Born in 1960, Pizzarelli began to play guitar at the age of six, following in the footsteps of his father, guitar legend Bucky Pizzarelli. As a child he was exposed to great music and great musicians, and clearly he had the gifts to receive those impressions and make something of them. By the time he was a young adult, he was performing with his father, and since then he has set out on a busy career, establishing a solid international reputation as both a virtuosic guitar player and an expressive singer.

Pizzarelli brings the magic of the swing band tradition to life again. His guitar stylings reach back to the heady days when Django Reinhardt played in Duke Ellington’s band—there’s dexterity, there’s intensity, there’s real joy. As a singer, you can hear the whole lineage kicked off by Louis Armstrong. Pizzarelli has often said that “Nat ‘King’ Cole is why I do what I do.” He’s also powerfully connected to Frank Sinatra—one of his many recordings is entitled Dear Mr Sinatra.

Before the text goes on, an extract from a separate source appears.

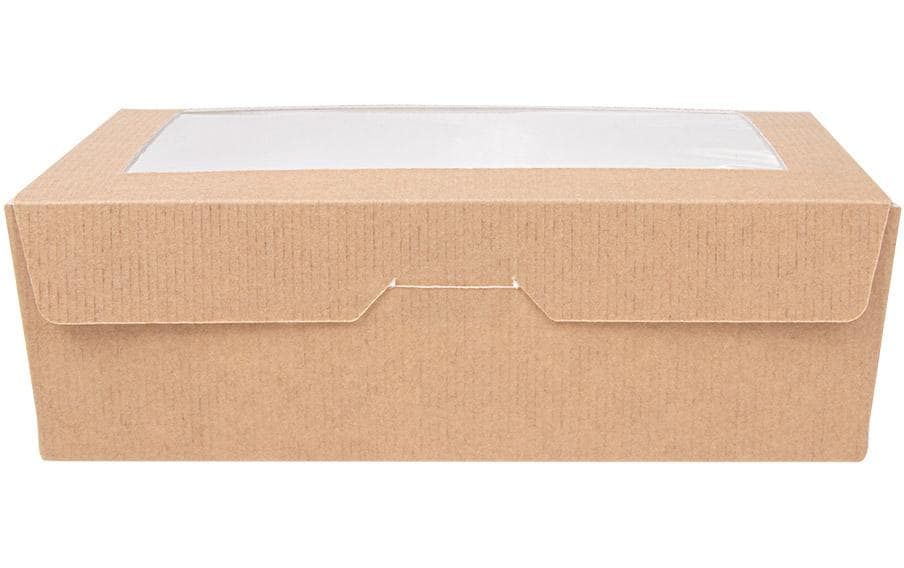 Garcia de Pou Weita Take-away-Box, Papier/Karton – 1000 ml 170 × 120 × 55 mm, braun/weiss – FSC – 50 Stk.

As well as an intense international touring schedule, performing with his own trio and quartet as well as with orchestras, Pizzarelli is a busy recording artist, with almost two dozen recordings to his credit. Since 2000, he has released a new CD pretty much every year, recent titles being With a Song in My Heart (Telarc 2008), Generations, a recording with his father (Arbors 2007), Dear Mr Sinatra (Telarc 2006), Knowing You (Telarc 2005), and Bossa Nova (Telarc 2004).

Pizzarelli is also a performer who embraces lively collaborations, and one of those musical relationships is with the young jazz violin virtuoso, Aaron Weinstein. Downbeat recently named him a Rising Star Violinist, a designation that is certainly borne out by his performing and recording history. When he released A Handful of Stars (Arbors) in 2005, reviewer Nat Hentoff announced it “the rebirth of the hot jazz violin.”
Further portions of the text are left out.